=== EXTRACTED INFORMATION ===
◆ ◆ ◆

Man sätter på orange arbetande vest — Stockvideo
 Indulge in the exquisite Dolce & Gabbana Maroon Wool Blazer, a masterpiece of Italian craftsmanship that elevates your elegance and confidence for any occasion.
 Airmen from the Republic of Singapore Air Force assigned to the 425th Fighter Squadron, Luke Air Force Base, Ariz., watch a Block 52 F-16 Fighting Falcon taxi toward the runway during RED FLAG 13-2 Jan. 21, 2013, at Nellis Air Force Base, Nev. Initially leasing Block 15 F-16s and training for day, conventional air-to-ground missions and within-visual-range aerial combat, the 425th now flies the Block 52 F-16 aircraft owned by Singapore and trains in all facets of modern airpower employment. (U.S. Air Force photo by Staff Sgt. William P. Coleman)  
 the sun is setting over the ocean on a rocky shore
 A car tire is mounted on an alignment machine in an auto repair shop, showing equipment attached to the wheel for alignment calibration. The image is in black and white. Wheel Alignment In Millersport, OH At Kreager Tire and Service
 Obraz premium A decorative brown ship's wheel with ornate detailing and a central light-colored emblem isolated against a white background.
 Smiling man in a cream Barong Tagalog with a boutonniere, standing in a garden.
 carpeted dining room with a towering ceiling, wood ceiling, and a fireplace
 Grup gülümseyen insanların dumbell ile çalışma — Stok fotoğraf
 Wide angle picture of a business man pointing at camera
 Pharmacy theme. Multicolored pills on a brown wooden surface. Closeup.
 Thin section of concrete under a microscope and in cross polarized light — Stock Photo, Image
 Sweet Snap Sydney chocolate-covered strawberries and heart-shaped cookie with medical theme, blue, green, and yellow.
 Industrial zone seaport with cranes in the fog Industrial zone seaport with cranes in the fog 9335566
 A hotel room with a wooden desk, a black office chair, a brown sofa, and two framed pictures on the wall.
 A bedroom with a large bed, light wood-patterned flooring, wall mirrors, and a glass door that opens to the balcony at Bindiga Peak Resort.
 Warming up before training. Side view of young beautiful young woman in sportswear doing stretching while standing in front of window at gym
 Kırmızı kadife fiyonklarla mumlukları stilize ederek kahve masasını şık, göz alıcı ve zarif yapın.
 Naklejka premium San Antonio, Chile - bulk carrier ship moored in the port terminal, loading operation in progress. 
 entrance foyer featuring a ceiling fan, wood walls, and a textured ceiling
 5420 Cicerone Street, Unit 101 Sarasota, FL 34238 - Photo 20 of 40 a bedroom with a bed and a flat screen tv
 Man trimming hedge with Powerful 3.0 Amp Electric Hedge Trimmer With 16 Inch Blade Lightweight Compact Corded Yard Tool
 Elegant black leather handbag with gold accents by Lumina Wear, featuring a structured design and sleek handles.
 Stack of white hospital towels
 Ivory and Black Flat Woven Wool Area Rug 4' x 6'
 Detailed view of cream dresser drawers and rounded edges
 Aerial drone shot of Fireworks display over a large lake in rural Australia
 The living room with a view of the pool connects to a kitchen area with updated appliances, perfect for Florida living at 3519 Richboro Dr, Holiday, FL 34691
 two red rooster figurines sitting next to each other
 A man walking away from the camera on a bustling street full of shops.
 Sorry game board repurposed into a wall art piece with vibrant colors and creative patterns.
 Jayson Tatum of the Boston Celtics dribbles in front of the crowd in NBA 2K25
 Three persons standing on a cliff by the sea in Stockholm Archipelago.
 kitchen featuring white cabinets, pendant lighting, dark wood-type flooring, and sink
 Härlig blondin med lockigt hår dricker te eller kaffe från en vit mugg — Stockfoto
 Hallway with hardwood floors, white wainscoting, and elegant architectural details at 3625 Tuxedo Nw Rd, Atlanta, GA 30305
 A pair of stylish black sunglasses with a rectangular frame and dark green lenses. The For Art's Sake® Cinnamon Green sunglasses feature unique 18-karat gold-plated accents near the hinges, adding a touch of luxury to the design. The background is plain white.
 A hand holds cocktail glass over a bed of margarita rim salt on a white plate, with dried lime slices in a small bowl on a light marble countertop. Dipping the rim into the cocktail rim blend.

◆ ◆ ◆

As listed above, the lines from the line with "Kırmızı kadife fiyonklarla" to the line with "entrance foyer featuring" are to be echoed exactly, with both ends included and nothing added.

 Kırmızı kadife fiyonklarla mumlukları stilize ederek kahve masasını şık, göz alıcı ve zarif yapın.
 Naklejka premium San Antonio, Chile - bulk carrier ship moored in the port terminal, loading operation in progress. 
 entrance foyer featuring a ceiling fan, wood walls, and a textured ceiling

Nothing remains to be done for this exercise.